I was among the many who were shocked to learn that this spring the United States pushed Ecuador to drop a resolution in support of breastfeeding it had intended to introduce in Geneva for the United Nations-affiliated World Health Assembly.
The benefits of breastfeeding for the baby are well documented. (Not all women are able to breastfeed and babies who are not breastfed do fine.) Even so, for years, infant formula manufacturers tried to convince new mothers that formula is better and easier. That’s a controversy in and of itself. What I want to focus on here is how breastfeeding benefits women.
Breastfeeding is known to reduce breast cancer risk. For example, a study published last year in the Journal of Preventive Medicine & Public Health by researchers in Korea that compared women who had been diagnosed with breast cancer with women who had not had breast cancer found that women who had two or more children and breastfed for a total of 13 months were half as likely to get breast cancer as women who had never given birth and never breastfed.

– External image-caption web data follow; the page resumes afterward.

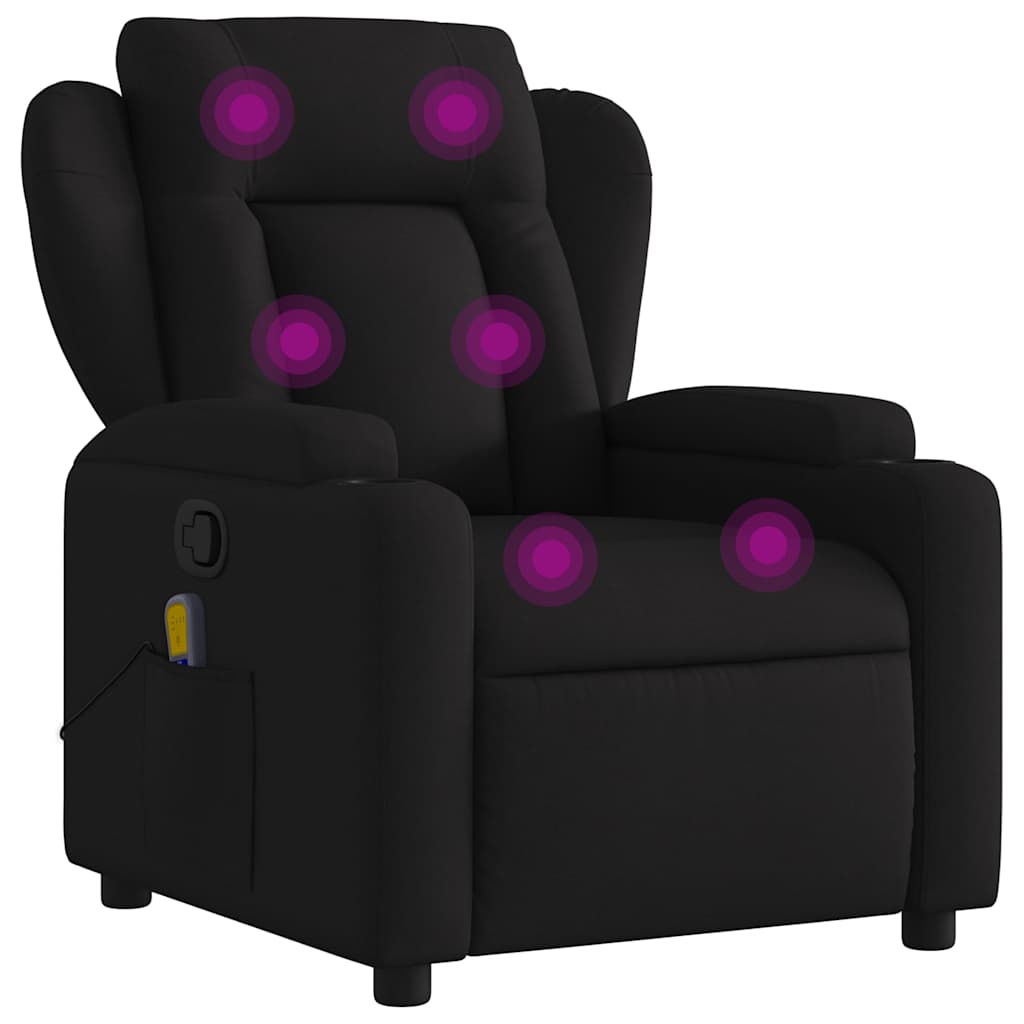 vidaXL Massage Recliner Chair Black Fabric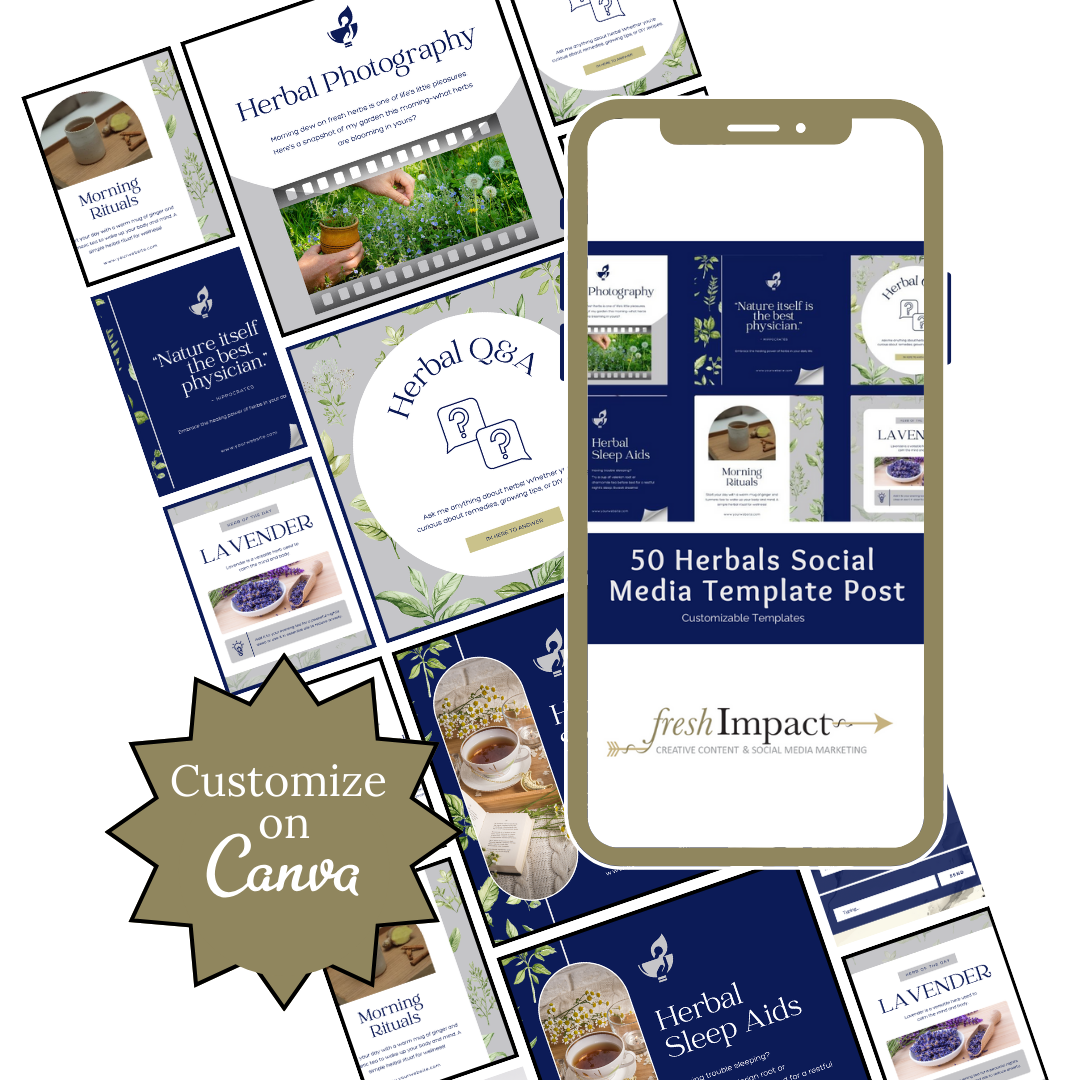 50 Herbal Social Media Templates – Editable Canva Posts for Herbalists & Wellness Brand - The Simple Marketing Shop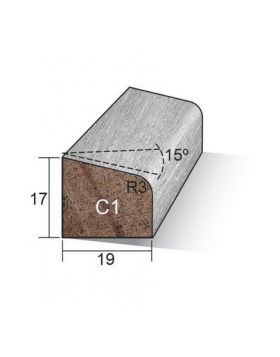 Meranti glaslat C1 17x19mm 490cm gegrond wit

Yet, not all women have heard or been told about this benefit. A study published last year in the Asian Pacific Journal of Cancer Prevention found that only 6.2% of 566 women in Northern Saudi Arabia who were surveyed knew that natural breastfeeding reduced the risk of breast cancer.
As some of you may know, we have been trying to map the anatomy of the breast ducts (where breast cancer starts) for several years. One of my “brilliant” ideas to figure out the anatomy was to use ultrasound to take images of lactating women who had milk in their ducts. The saga is a good example of the path of research: one step forward, two steps back. For the study, we invited women who were breastfeeding to come with their babies for a whole breast ultrasound of their breast. We did an ultrasound when their breasts were full and then again after they fed their infants. (I had a wonderful time holding the babies!) With help from the Jet Propulsion Laboratory at the California Institute of Technology, we analyzed the images, and we noticed something interesting: Not all of the ducts were making milk. The lower outer ducts in each breast were the first to make milk. Only as the babies got older and demanded more milk, did more ducts take part. The last duct to be called into action—when the babies were about 8 to 9 months old—was in the upper outer quadrant of the breast. This was particularly interesting to us because more breast cancers begin here than in the other quadrants, and it made us wonder: Could this be because this duct gets used less?
So, we set out to study women who had been breastfeeding long enough to have all their ducts called into action. We found two of these women in Northern California, and went there to take images of their breast ducts. These images didn’t provide us with the information we were hoping for, so we decided to try again. We just finished this second attempt. We are still analyzing the images—and I look forward to letting you know what we learn.
Once we have our map of the breast ducts, there is one more question I am determined to answer: What happens after a woman stops breastfeeding? Does the breast go back to normal? The breast is the only organ that a woman is not born with. Girls are born with stem cells that sit behind the nipple until puberty begins, when they turn on and start to grow ducts. Do the stem cells make new ducts if you have a second child? Can you look at the ducts of a 50- or 60-year-old woman and know whether or not she has ever breastfed? These are the questions I dream about.
The human breast is understudied and underappreciated and we at Dr. Susan Love Research Foundation believe there is no way we can fully understand breast cancer if we don’t even understand the breast ducts. We are bound and determined to figure out how those ducts work and why they get cancer. With this information in hand, we can take the next and most important step: preventing breast cancer, once and for all.